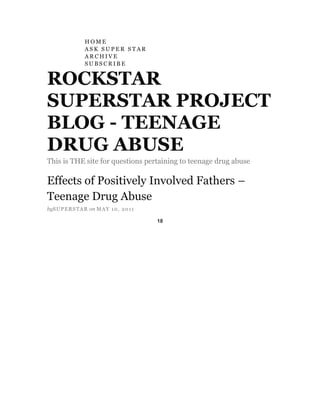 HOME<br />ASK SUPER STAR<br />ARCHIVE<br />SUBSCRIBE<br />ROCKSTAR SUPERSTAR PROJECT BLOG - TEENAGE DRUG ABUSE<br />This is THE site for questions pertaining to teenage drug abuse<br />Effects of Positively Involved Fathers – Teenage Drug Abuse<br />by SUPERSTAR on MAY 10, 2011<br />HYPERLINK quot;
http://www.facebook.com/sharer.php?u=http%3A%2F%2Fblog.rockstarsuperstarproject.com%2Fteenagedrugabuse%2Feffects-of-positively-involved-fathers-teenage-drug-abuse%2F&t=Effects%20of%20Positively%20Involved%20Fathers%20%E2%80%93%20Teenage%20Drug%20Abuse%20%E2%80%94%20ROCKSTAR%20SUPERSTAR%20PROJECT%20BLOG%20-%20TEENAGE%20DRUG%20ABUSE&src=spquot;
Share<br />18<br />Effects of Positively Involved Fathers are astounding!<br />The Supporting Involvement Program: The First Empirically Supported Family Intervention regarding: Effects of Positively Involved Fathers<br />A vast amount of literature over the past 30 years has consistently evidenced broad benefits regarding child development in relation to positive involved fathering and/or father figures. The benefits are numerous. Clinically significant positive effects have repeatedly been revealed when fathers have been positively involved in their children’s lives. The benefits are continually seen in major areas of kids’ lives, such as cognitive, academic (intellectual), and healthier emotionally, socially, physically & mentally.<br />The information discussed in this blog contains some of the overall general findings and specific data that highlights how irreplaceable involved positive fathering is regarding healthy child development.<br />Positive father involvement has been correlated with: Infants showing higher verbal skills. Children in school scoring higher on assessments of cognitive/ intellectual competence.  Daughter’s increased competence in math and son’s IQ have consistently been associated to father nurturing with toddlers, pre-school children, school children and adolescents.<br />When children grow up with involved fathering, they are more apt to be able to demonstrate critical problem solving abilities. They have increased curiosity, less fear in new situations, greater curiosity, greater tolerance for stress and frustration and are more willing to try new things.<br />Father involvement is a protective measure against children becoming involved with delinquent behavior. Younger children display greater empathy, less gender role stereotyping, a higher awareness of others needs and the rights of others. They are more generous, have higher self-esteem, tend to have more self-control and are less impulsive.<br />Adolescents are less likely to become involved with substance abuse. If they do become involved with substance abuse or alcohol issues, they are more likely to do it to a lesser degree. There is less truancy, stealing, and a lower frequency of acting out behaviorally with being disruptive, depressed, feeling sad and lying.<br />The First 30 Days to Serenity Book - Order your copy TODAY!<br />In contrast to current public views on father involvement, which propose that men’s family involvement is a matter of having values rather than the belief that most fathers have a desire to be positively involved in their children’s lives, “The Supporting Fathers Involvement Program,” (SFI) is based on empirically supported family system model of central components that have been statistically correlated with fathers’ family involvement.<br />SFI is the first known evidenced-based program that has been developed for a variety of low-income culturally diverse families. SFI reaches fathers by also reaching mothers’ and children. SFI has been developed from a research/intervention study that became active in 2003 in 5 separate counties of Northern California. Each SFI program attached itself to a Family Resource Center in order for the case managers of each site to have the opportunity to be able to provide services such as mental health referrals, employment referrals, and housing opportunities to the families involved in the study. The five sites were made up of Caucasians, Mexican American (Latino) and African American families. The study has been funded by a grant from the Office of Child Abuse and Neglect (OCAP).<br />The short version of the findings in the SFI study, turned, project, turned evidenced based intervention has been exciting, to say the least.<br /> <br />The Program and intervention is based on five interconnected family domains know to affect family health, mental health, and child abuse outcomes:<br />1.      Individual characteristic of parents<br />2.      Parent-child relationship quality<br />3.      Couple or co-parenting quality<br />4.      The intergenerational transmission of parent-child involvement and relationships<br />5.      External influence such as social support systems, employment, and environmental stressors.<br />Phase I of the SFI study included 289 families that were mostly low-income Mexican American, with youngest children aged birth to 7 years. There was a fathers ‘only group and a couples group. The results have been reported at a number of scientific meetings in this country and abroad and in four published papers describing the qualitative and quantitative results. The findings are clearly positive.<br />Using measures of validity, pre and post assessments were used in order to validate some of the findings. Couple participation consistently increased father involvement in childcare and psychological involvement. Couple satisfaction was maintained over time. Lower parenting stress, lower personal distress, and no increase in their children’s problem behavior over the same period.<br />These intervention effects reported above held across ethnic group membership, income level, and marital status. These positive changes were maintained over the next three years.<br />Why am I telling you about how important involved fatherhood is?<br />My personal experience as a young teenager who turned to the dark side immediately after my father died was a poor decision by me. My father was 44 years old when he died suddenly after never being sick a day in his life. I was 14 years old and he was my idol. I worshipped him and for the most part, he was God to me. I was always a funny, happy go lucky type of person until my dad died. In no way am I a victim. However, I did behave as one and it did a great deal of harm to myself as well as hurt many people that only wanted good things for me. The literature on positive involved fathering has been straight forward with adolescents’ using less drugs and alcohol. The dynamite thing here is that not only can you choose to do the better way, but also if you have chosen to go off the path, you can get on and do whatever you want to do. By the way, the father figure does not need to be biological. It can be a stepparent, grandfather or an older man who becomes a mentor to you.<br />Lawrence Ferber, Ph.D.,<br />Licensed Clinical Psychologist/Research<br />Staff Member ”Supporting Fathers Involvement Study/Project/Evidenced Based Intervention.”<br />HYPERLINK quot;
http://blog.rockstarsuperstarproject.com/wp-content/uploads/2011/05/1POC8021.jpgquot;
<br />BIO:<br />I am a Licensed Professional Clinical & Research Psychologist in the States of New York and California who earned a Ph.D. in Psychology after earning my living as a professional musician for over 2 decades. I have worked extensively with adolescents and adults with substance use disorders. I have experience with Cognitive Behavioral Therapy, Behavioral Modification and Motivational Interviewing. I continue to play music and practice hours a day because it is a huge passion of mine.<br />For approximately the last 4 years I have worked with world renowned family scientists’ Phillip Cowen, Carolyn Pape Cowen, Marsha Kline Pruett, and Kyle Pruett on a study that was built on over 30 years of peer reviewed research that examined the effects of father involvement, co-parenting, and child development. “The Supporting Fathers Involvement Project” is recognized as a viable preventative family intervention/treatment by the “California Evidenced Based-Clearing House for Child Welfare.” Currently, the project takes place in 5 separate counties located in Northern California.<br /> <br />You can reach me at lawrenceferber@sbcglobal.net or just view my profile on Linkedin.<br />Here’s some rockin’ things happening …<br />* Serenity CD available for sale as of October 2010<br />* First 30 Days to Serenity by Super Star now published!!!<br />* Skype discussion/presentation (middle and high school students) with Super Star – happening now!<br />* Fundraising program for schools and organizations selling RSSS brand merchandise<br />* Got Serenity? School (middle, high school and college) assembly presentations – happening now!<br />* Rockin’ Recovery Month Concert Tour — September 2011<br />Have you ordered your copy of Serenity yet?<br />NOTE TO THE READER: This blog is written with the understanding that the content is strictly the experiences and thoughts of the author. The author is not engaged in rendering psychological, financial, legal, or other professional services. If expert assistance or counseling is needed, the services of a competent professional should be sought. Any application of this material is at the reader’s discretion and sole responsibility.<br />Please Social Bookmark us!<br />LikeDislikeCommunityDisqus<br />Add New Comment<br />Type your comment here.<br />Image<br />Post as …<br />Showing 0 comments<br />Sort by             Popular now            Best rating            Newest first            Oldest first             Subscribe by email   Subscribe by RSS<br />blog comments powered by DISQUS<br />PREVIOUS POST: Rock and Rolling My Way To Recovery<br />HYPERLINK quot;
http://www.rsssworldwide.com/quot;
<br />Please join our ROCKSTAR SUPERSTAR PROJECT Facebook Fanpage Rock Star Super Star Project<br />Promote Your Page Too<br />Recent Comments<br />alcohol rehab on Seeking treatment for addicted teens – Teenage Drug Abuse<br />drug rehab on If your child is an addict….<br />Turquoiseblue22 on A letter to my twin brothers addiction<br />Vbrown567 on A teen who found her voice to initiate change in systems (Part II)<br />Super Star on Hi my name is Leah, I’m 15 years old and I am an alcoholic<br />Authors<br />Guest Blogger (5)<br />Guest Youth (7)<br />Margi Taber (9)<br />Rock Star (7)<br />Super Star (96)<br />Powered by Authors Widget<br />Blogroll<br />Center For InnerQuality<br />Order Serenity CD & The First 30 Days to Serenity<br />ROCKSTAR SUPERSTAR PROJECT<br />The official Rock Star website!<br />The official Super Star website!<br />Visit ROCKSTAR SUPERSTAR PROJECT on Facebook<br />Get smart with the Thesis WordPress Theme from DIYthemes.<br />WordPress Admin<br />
--
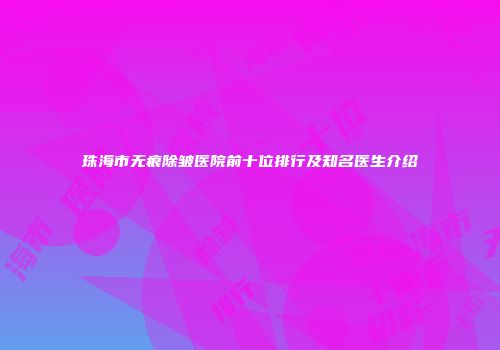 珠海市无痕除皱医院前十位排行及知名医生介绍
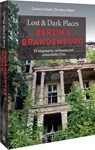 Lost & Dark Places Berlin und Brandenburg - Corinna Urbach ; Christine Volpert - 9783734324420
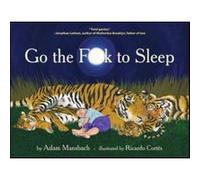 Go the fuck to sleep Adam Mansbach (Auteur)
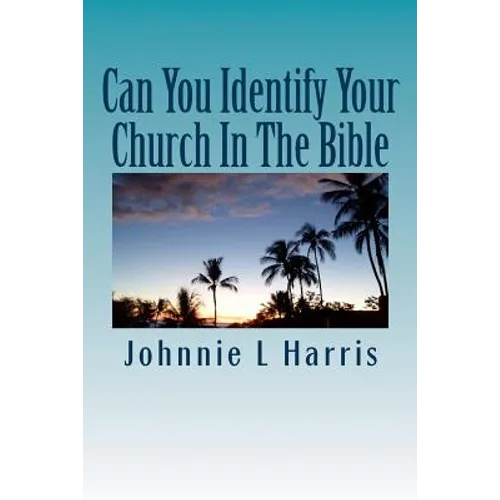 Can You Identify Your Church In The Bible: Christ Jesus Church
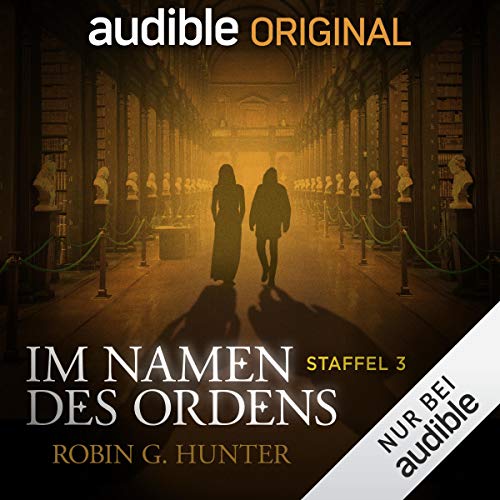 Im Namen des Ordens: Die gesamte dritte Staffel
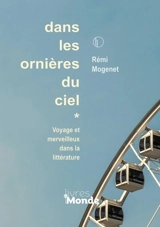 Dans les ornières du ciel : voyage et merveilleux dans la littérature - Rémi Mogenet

What you will do:
Starting at the line containing "Can You Identify" and stopping at the line containing "Dans les ornières", output each line exactly as it appears above. Leave out the pictures.

Response for this exercise:
 Can You Identify Your Church In The Bible: Christ Jesus Church
 Im Namen des Ordens: Die gesamte dritte Staffel
 Dans les ornières du ciel : voyage et merveilleux dans la littérature - Rémi Mogenet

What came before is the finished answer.